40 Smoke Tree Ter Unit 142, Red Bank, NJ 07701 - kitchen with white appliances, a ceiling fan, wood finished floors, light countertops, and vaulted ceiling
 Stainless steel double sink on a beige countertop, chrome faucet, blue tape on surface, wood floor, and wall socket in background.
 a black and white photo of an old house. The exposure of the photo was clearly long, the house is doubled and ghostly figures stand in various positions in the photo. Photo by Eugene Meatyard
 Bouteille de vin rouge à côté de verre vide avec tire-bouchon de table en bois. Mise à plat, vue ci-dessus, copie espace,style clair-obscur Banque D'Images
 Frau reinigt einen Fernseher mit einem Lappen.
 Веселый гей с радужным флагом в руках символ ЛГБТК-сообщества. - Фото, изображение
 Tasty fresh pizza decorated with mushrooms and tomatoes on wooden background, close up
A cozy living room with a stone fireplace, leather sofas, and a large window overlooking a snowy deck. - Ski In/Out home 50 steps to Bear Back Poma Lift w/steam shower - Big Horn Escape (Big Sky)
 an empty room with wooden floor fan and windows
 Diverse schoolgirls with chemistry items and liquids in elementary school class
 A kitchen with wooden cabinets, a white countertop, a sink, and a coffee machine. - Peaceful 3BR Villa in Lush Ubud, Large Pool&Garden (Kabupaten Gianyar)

### WORK INSTRUCTIONS:
Send back exactly the lines from the line with "Frau reinigt einen" through the end of the records.

### ANSWER TO THIS TASK:
 Frau reinigt einen Fernseher mit einem Lappen.
 Веселый гей с радужным флагом в руках символ ЛГБТК-сообщества. - Фото, изображение
 Tasty fresh pizza decorated with mushrooms and tomatoes on wooden background, close up
A cozy living room with a stone fireplace, leather sofas, and a large window overlooking a snowy deck. - Ski In/Out home 50 steps to Bear Back Poma Lift w/steam shower - Big Horn Escape (Big Sky)
 an empty room with wooden floor fan and windows
 Diverse schoolgirls with chemistry items and liquids in elementary school class
 A kitchen with wooden cabinets, a white countertop, a sink, and a coffee machine. - Peaceful 3BR Villa in Lush Ubud, Large Pool&Garden (Kabupaten Gianyar)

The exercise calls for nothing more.